* _Problem to work on_:
Apart from the pictures, write out all the records exactly.

* _Given records_:
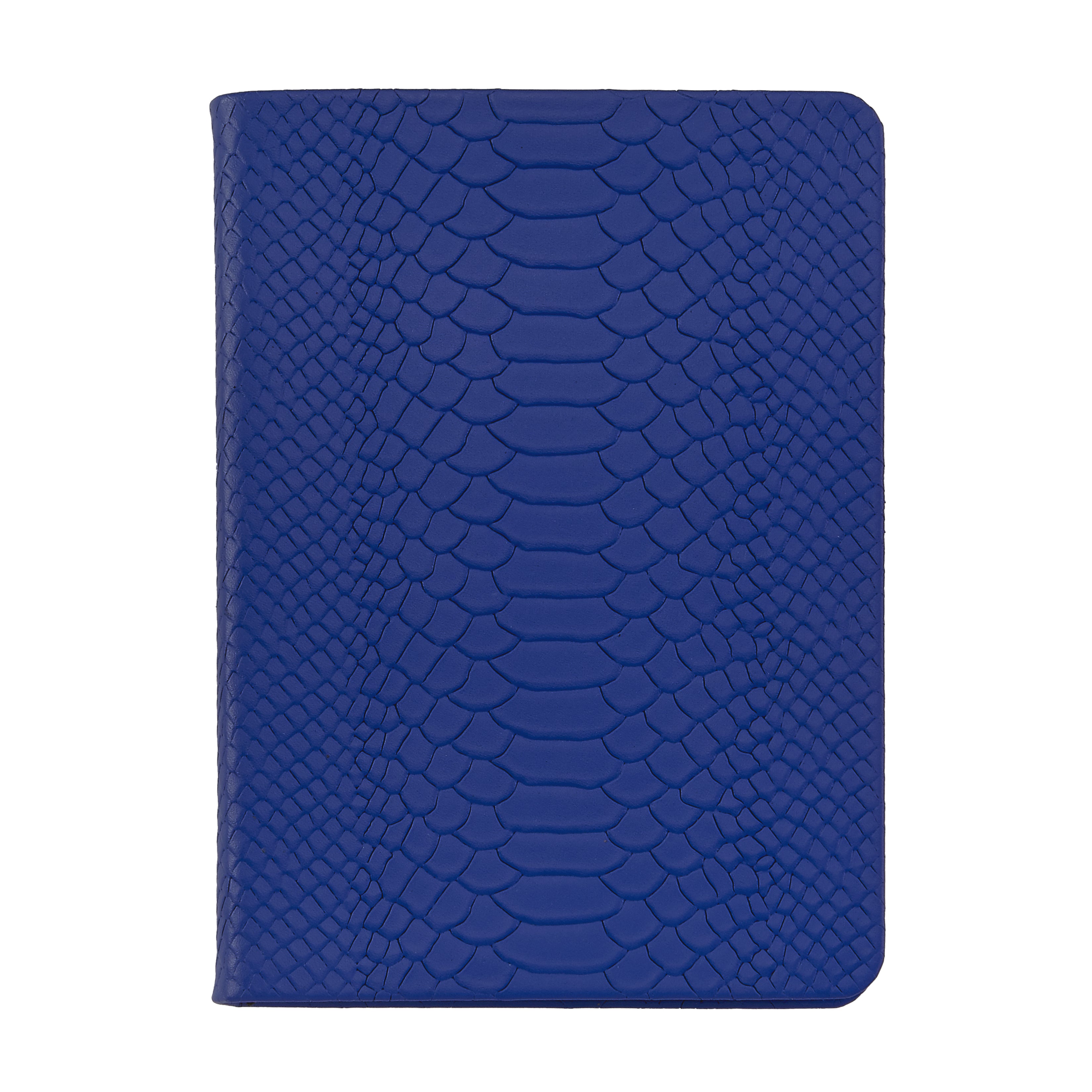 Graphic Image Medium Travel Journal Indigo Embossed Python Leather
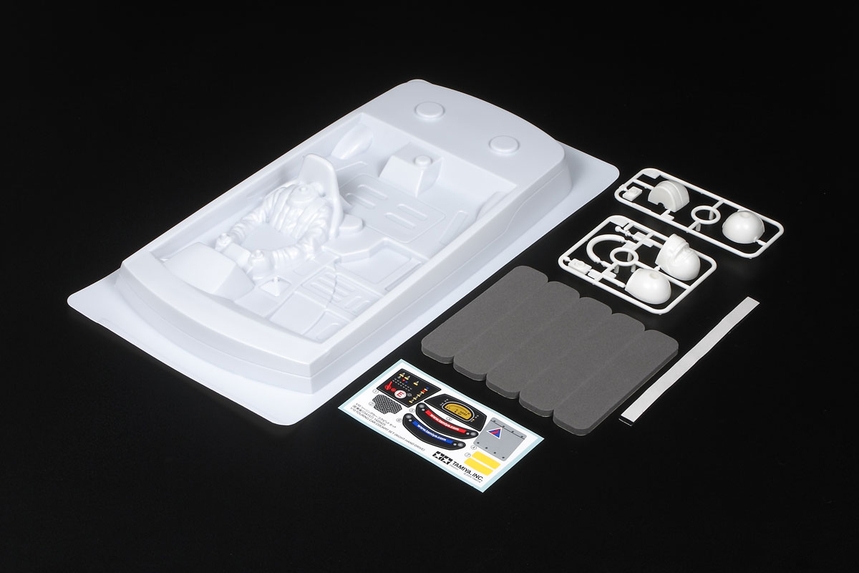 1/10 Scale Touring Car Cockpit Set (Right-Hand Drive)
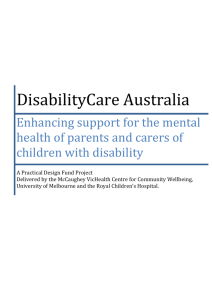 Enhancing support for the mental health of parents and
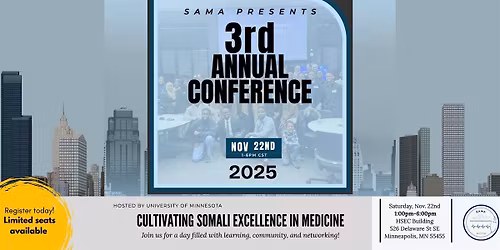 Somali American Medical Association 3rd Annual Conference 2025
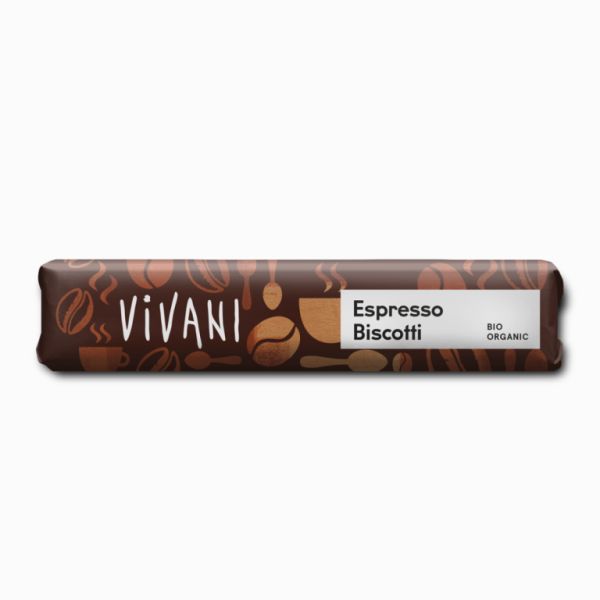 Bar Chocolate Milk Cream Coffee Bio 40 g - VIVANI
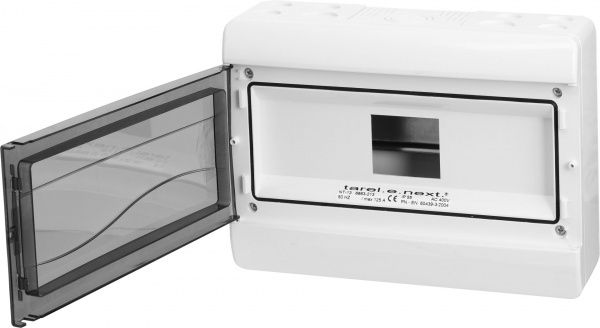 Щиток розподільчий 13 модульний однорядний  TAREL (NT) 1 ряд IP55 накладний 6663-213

* _Exercise result_:
 Graphic Image Medium Travel Journal Indigo Embossed Python Leather
 1/10 Scale Touring Car Cockpit Set (Right-Hand Drive)
 Enhancing support for the mental health of parents and
 Somali American Medical Association 3rd Annual Conference 2025
 Bar Chocolate Milk Cream Coffee Bio 40 g - VIVANI
 Щиток розподільчий 13 модульний однорядний  TAREL (NT) 1 ряд IP55 накладний 6663-213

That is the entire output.